Ironically, it was the power of the
cartels that allowed Consuela to be smuggled beyond the Border Fortress wall,
into New Megiddo proper. She had spent that six months in Juarez, fostering
relationships, performing favors, gathering allies and doing work for cartels.
No one knew who she really was this far north. After she crossed the border, she was ready to start a new life, which would lead to her giving up her
identity as “Consuela Grajales” again.
⍟ ⍟ ⍟
Hades-Perdition slowly paced the deck of the battleship North Carolina. He, like everyone else was engaged in the search for the potential assassin. He had been searching the deck for nearly fifteen minutes. Ravine-Gulch was also onboard. He had been giving Hades-Perdition an unusual amount of attitude, and Hades didn’t understand why. He guessed that it may have to do with his tryst with Gale-Whirlwind, but it meant nothing to him. But, Ravine was overly sensitive, and so Ravine went to check the aft side of the ship and Hades went to the fore-side.
Gale-Whirlwind was Hades’s friend. He
didn’t want anything more from her, but he began to think sleeping with her had
been a mistake. Hades told himself that he would not marry, or love again until
his objective was complete. His vow of celibacy he made to himself did not
preclude sex, however. That is why he had no qualms
about what he had done with Gale-Whirlwind. Hades-Perdition did look forward to the
day when he completed his objective, when he could cut loose at last.
Ever since Hades had discovered H.E.M.A.
training in his teens, he had felt like he found a way to transcend the petty
politics of sexual orientation. The fencing arts allowed him to pour all his
rage and frustration into a single focus for improving his skills.
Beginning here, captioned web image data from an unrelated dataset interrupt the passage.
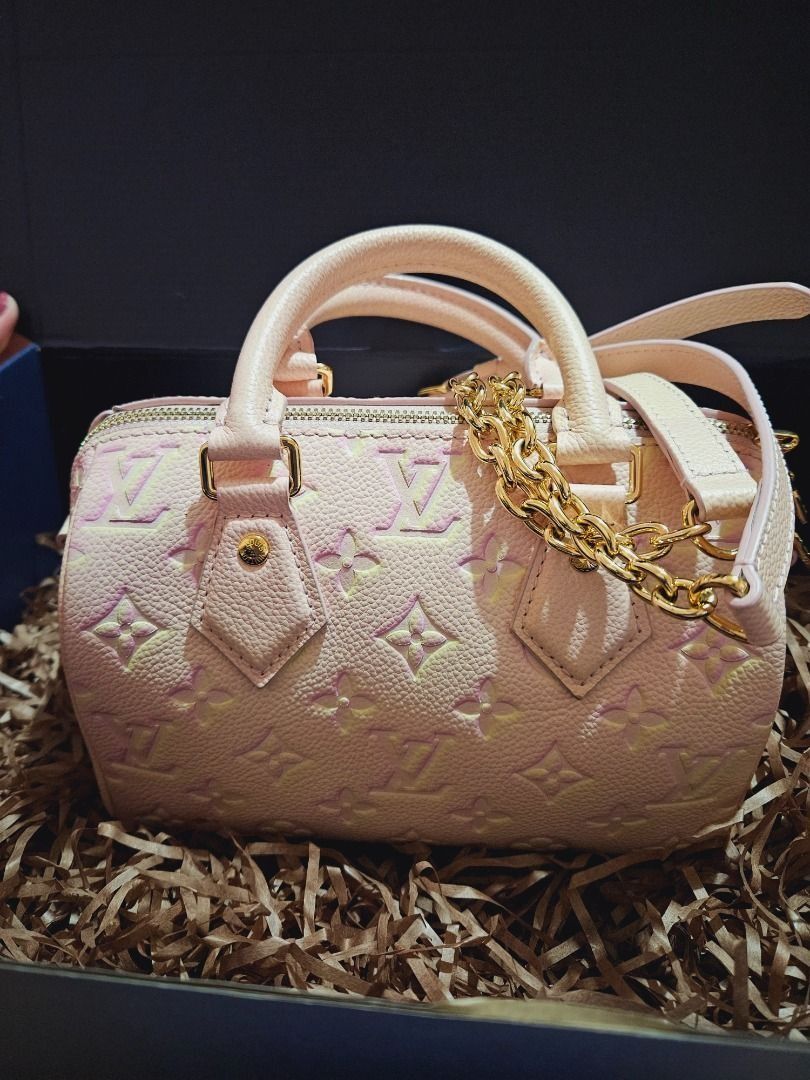 Speedy 20 in Stardust Pink LV (Category: Shoulder Bags) located in Caloocan City. Submitted by mandromeda1996 (Listing ID 1330211942, Image 1). Description: Stardust Series (Rare) Speedy 20 in Gold Hardware, Embossed inclusions: leather-chain strap for crossbody, lock & key, dust bag, care instructions flaw: minor sealant chip on handle, pls see photo Mode of Payment: Gcash, Maya, PayPal, Courier COD (LBC, Lalamove) Mode of Delivery: Metro Manila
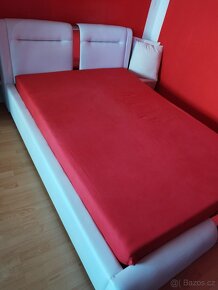 Bílá koženková postel - 3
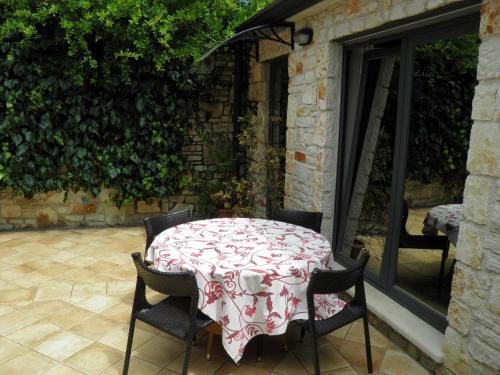  Apartment Nina in Poreč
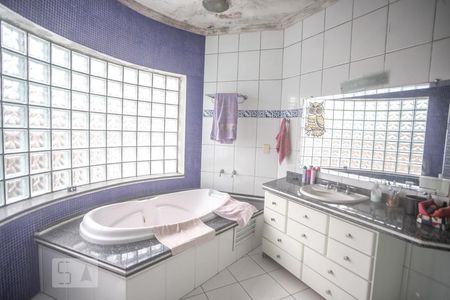 Casa à venda com 482m², 3 quartos e 6 vagasBanheiro suíte 2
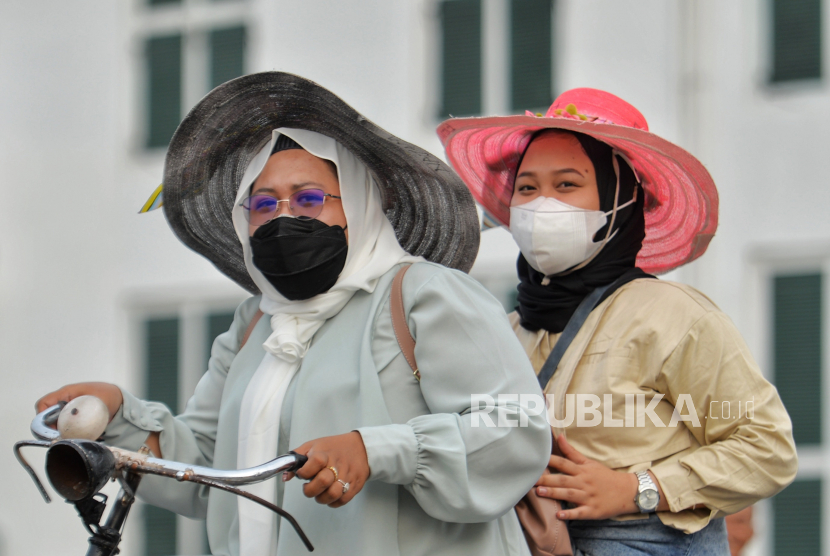 Pengunjung memakai masker saat berwisata di Kawasan Kota Tua, Jakarta, Sabtu (6/5/2023). Badan Kesehatan Dunia (WHO) resmi mengumumkan bahwa pandemi Covid-19 sudah berakhir, hal tersebut lantaran Covid-19 sudah tidak menjadi ancaman kondisi darurat kesehatan global.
That’s what
he had liked about his former instructor, Craig a Briuis: he had not cared about who
Hades had been attracted to, all he cared about was how accomplished a
swordsman he was. Craig had drilled him incessantly on form, style, attack and
defense. He assigned Hades medieval treatises on sword technique written by
German and Italian Renaissance masters. The more he immersed himself in the art
and the history the more he realized that there was literally thousands of
compiled years of technique, experience and tradition contained within these
arts. Any man could pick up a gun and become a killing machine within seconds.
That was not an art. Not all men could master swordplay.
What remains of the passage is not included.